Besides visiting flowers, they spend most of their time searching for host to
parasite or prey for their larvae. The ovipositors in most wasps are
modified into stingers. They will sting if disturbed.
- Ants live in colonies made up of several castes. They included the winged
male, winged female and wingless workers. They all have waist. It is
composed of one or two knobs which are the first one or two segment of their
abdomen. Their antennae have a distinct elbow.
- Species in these two families, Sphecidae and Crabronidae, are solitary
hunting wasps. Female wasp makes nest in soil or build mud cells for her
young. She paralyses host arthropod, usually other insects or spiders, by
her sting. The sting is a modified ovipositor which injects venom paralyses
but not kill the host.
- Most bees live as individual, although the famous Honey Bees are social
insects. The solitary bees live in burrow under ground or in tree stems. In
their nests, there are chambers for their larvae, beside there are the storage
for the nectar and pollen.
Questions for Discussion
Ants is considered the highest form in insects evolution. They evolved the
highly structured society. They have their powerful strings. They do not have
many predators. They seem dominate in the insect class. They are quite
different from others insects. However, if we learn more about Sawfly and wasp,
we can see the evolution track from Sawfly to Ants.
It is believe that the ancestor of hymenopterans, i.e., wasp, ants
etc., look like the Sawflies today. We can find the special features in
wasps and ants, the early
images are still retained in Sawflies.
- How they got their strings?
- Sawflies are closely related to wasps. They got their name because the
have their special egg-laying tool, like a saw, to cut through leaf tissue for
their eggs.
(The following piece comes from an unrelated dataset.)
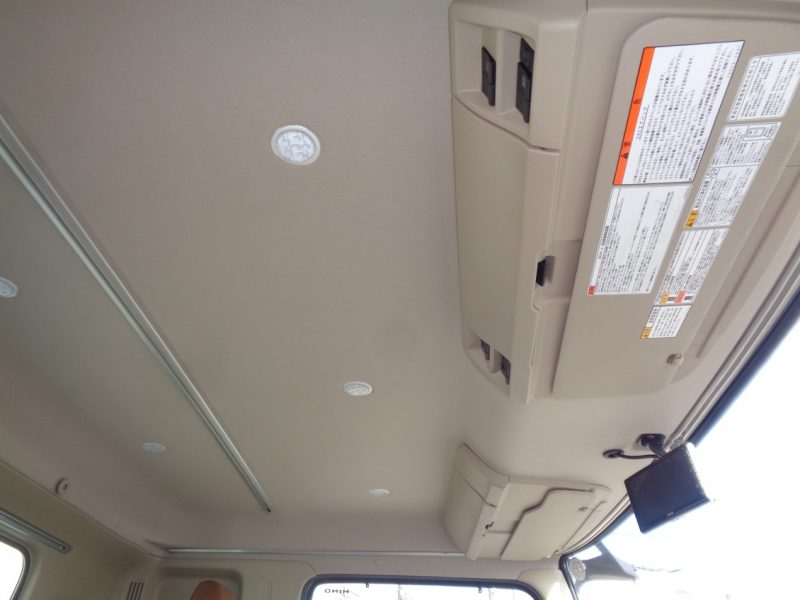 日野 中型トラック 冷凍車ワイドエアサス格納PG付 画像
Their adults look similar to wasps except they do not have the
'waist'. Although sawflies do not sting, they use their ovipositors to cut
open the surface of the leave to lay and insert their eggs inside. It is not
hard to imagine how they accidentally turn their ovipositors to their enemy
and become their weapon. By natural selection, their ovipositors become their
- How they become the hard working parents?
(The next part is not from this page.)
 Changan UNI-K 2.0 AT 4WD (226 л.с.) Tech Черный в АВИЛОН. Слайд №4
- Although Sawflies do not supply food to their young, they guard them until
they hatch. The female sawfly will stay near the eggs and watch her baby come
out. Then usually she will die. But if some of the sawflies accidentally have
a habit that she brings some food to her baby, and those food are accepted by
her baby larva, it is a very good habit and natural selection will quit likely
select this. The larvae will have a much better chance to live and
become adults. Some of them will quite likely inherited the 'bring
food to larvae' character. This group of sawflies will become more in number.
The 'bring food to larvae' character will be enhance by evolution. After a
long time, this character diverged and become the different form of parental
care that we can see in wasp, ants and bees.
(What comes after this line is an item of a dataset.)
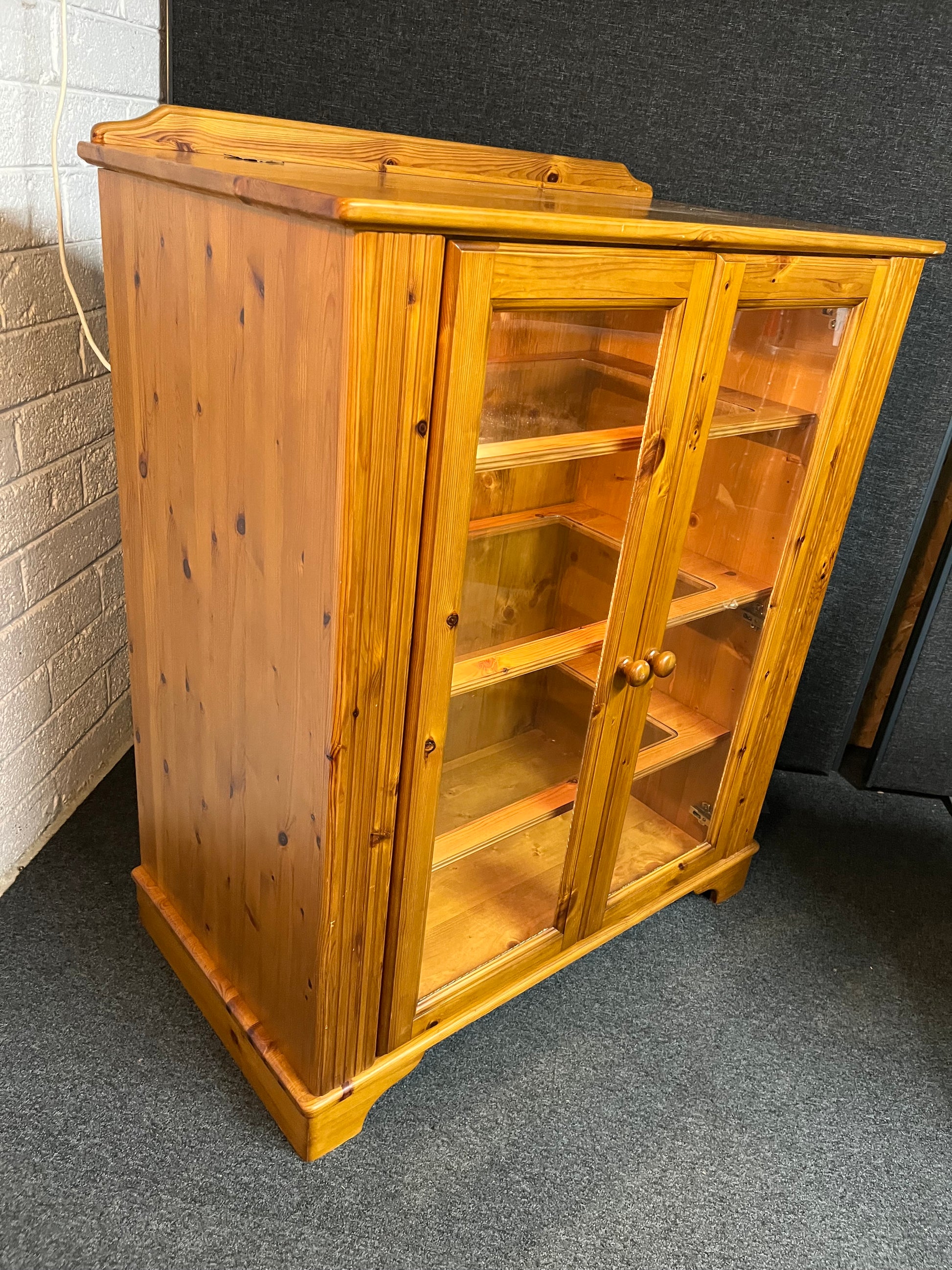 Solid pine 2 door glass display unit (H  128 x W  105 x D 58 cm) 3225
- How they build their society?
- There are quite a number of different theories that explain why some of
the hymenopterans are social insects. There is one or a few individuals who
lay eggs, most others are workers and help to look after the young.
It is general accepted that the major reason is the genetic structure
of hymenopterans so the the kinship of sisters are even higher than mother
and child. However I can see there is another factor, may be it is not as
important as the kinship theory, but could be important in the beginning of
the hymenopterans society evolution. We can see this from the sawfly. The
larvae of sawflies, unlike more other caterpillars of moths and butterflies,
are always stay together when at rest. If so happen that they stay together in
a nest even after some of them become pupa. Some of them become adults. Adults
lay more eggs in the nest. Adults bring foods to the nest. Now you can see the
primary form of the society has just formed.